Fierce criticism came from Democrats around the nation — including the head of the Louisiana Democratic Party, state Sen. Karen Carter Peterson of New Orleans. Opponents said the laws would effectively eliminate abortion as an option in Louisiana and other states, violating women’s rights.
“I just didn’t think he would sign something so prohibitive. God, not even in cases of incest? That just went too far, even if he is pro-life,” said Marina Toledo, 47, an immigration lawyer from Jefferson Parish.
Toledo was among the deluge of callers in May who told Edwards’ office he “would lose her vote” by signing the abortion ban into law. But five months later, while Toledo said the bill signing still stings, she’s planning to vote again for Edwards. She said she couldn’t support his “pro-Trump” opponents.

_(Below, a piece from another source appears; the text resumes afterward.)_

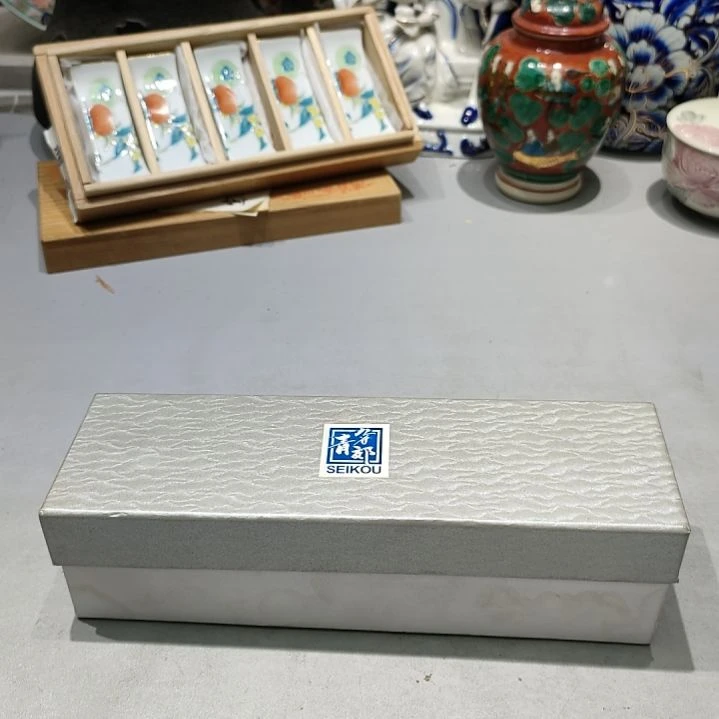 W***o瓷日本中古回流艺术瓷器折扣店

“It’s just the lack of better options,” Toledo said.
That appears to be Edwards’ key selling point to disgruntled abortion rights voters: They don’t have another major candidate in the Louisiana governor’s race espousing their point of view on that issue, but Edwards is in line with them on other topics.
Even as they advocate for abortion rights across the country, Democratic Party organizations are spending millions encouraging their base to show up in full force for Edwards on Election Day. Two weeks ago, Peterson was front and center at a New Orleans endorsement event with the governor, describing her support for his second term.

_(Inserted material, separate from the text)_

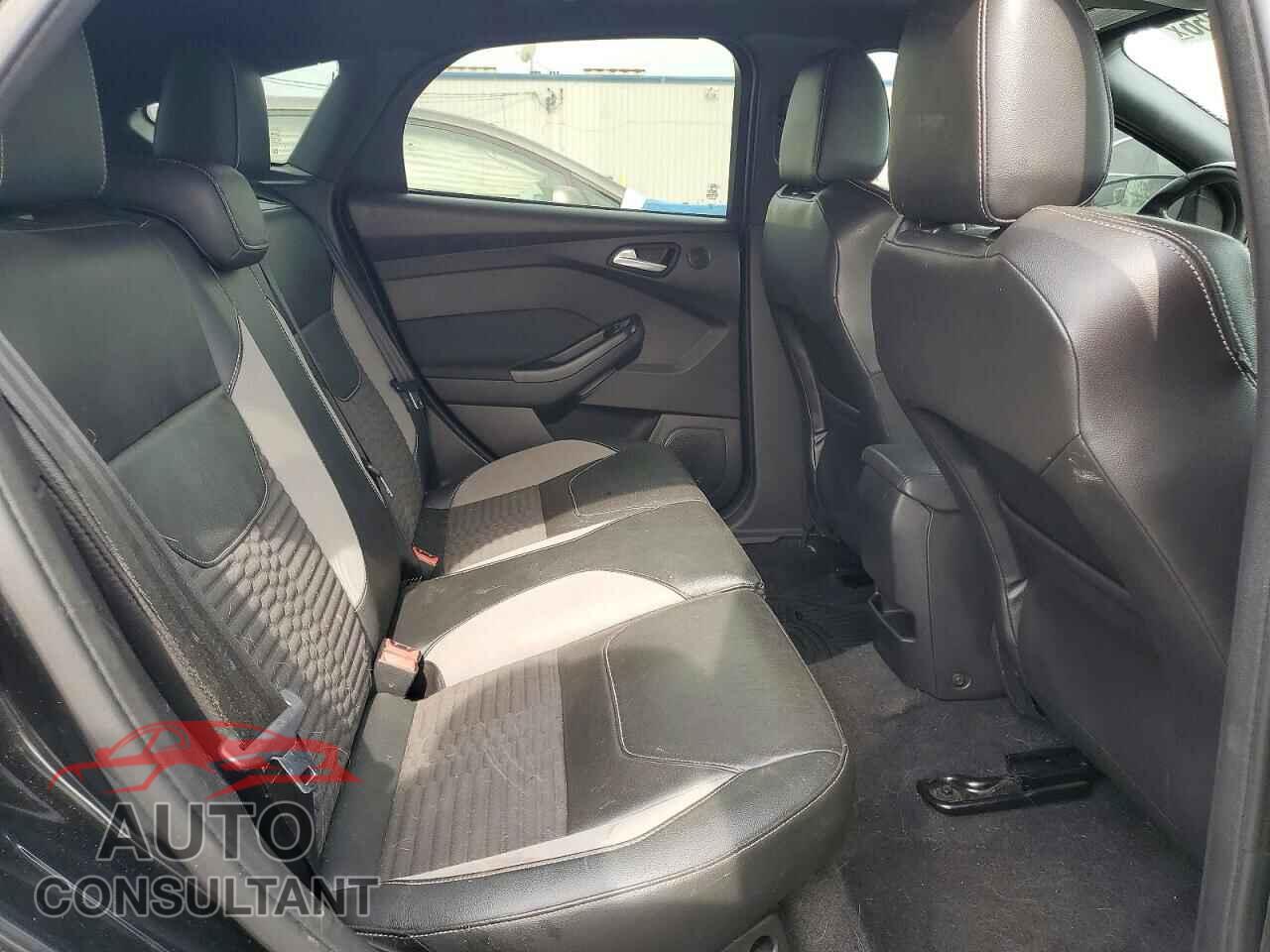 FORD FOCUS 2015 - 1FADP3L90FL366269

Neily Kambeitz-Byrd, 40, a nonprofit events coordinator in Baton Rouge, protested at the Louisiana Capitol against the abortion ban in the spring, saying the law threatens public health and women’s rights.
“I feel like I’m fighting the same thing my grandmother fought and my mother fought, and that’s very sad to me,” she said.
But Kambeitz-Byrd grudgingly selected Edwards in the weeklong early voting period.
“It was painful to cast that vote,” she said. “I just wish that there had been alternatives for us here to choose from.”